How to complete this task
Your copy should match the entries exactly, except that it holds no pictures.

Record extracts
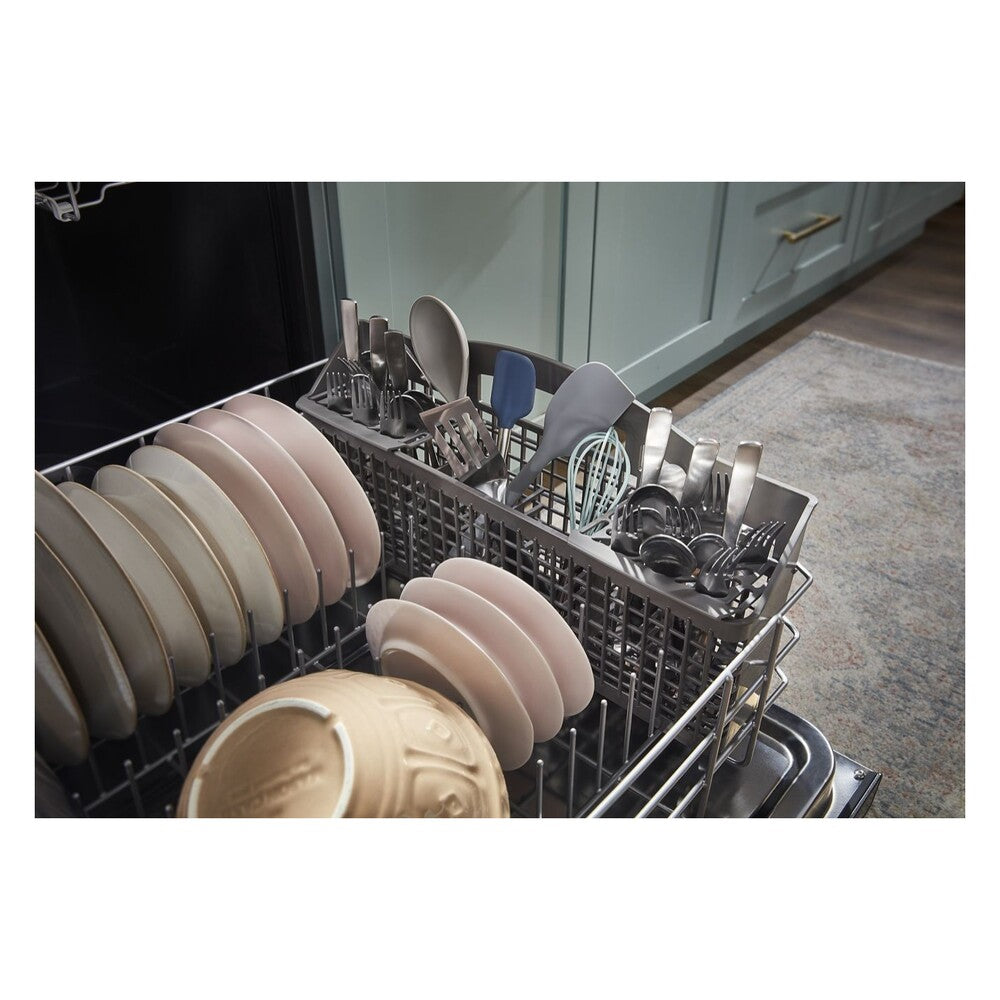 Whirlpool Eco Series Quiet Dishwasher with a washing 3rd Rack & Water Repellent Silverware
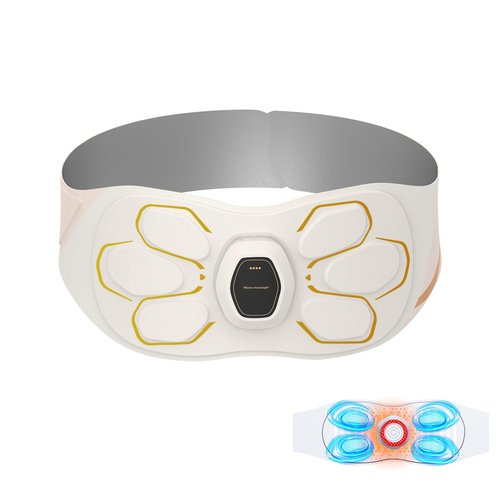 Lower Back Massager with Heat for Pain Relief Deep Tissue, Heated Ab Toner Belt for Stomach Smooth & Firming, Helps Reduce Belly Fat & Cellulite & Tone abs, ab Machine for Stomach Workout at Home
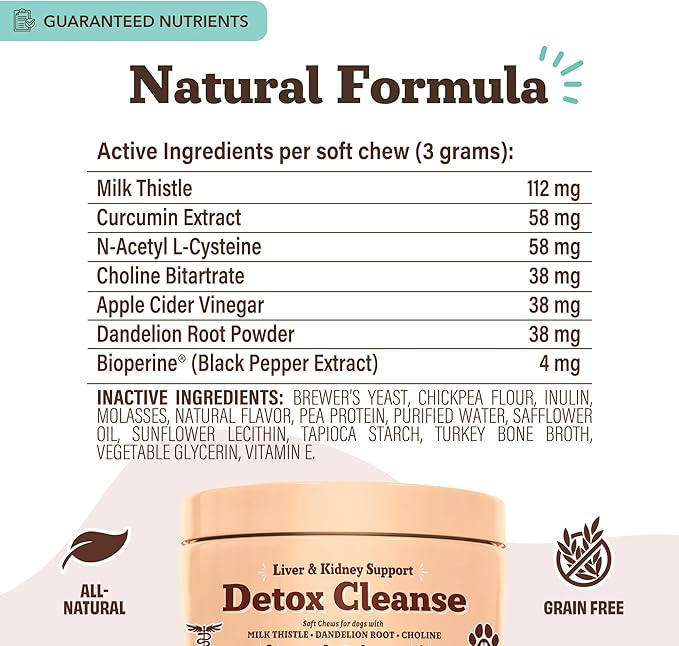 Natural Dog Company Stinky Liver & Kidney Supplement Chews, Complete Detox Cleanse & Major Organ Support, Advanced Liver and Kidney Health Support for Dogs, Enhances Digestion and Immunity 90 Chews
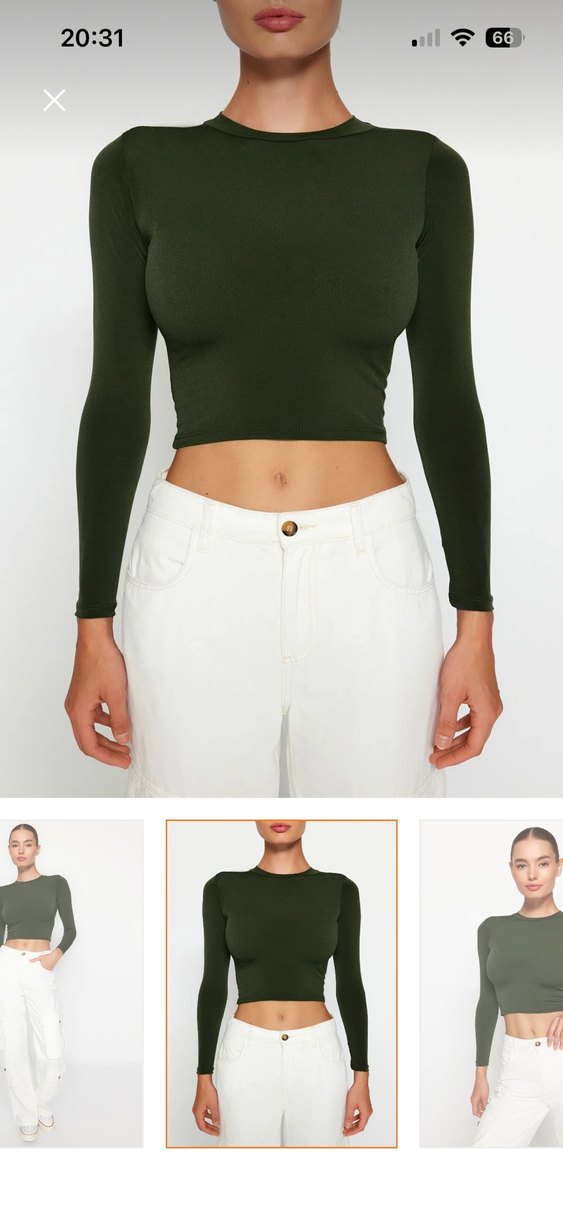 Kadın Haki Balıkçı Yaka Crop Top - Görsel 2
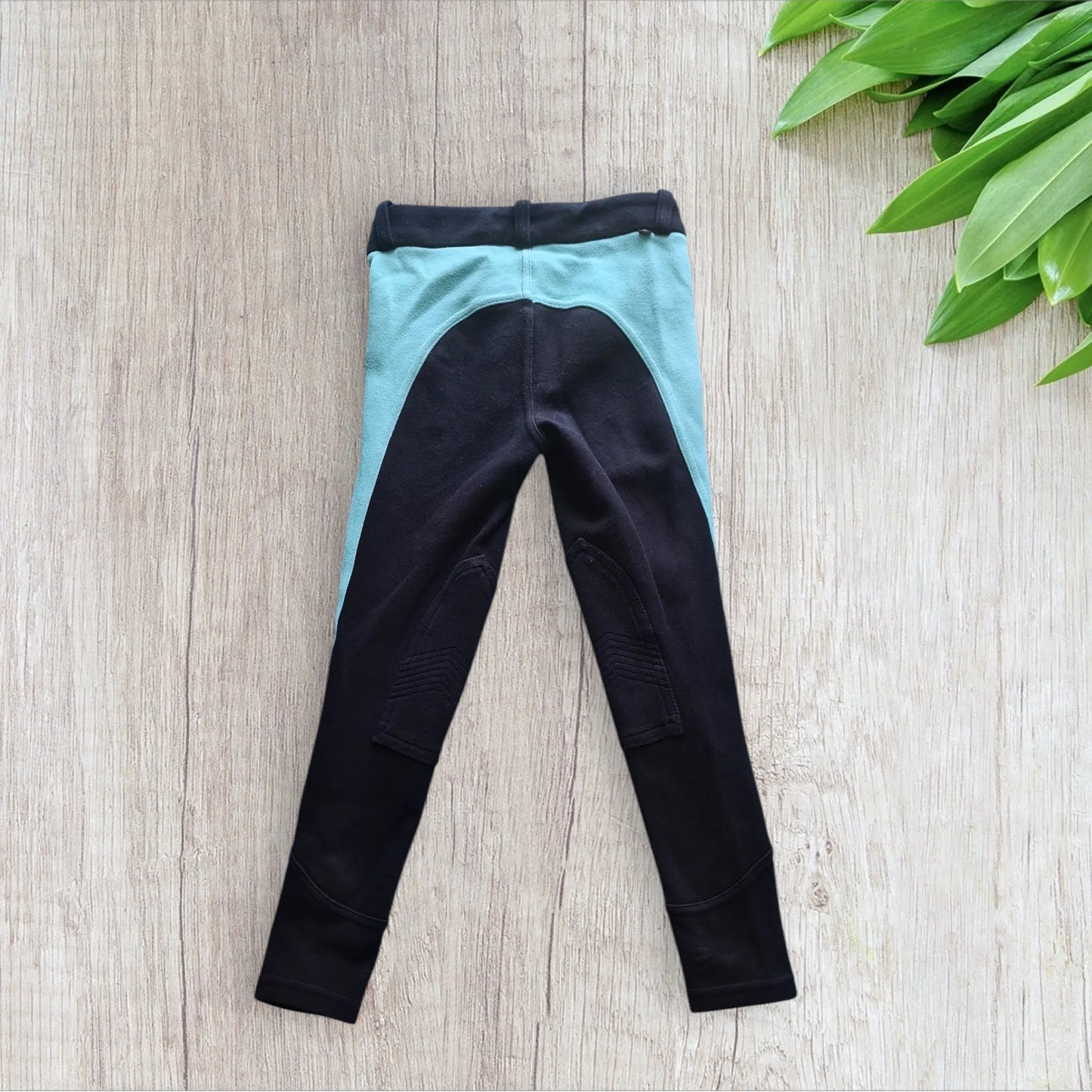 Pantalon équitation enfant Fouganza 5-6 ans bleu marine avec détails turquoise, très bon état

Output for this task
 Whirlpool Eco Series Quiet Dishwasher with a washing 3rd Rack & Water Repellent Silverware
 Lower Back Massager with Heat for Pain Relief Deep Tissue, Heated Ab Toner Belt for Stomach Smooth & Firming, Helps Reduce Belly Fat & Cellulite & Tone abs, ab Machine for Stomach Workout at Home
 Natural Dog Company Stinky Liver & Kidney Supplement Chews, Complete Detox Cleanse & Major Organ Support, Advanced Liver and Kidney Health Support for Dogs, Enhances Digestion and Immunity 90 Chews
 Kadın Haki Balıkçı Yaka Crop Top - Görsel 2
 Pantalon équitation enfant Fouganza 5-6 ans bleu marine avec détails turquoise, très bon état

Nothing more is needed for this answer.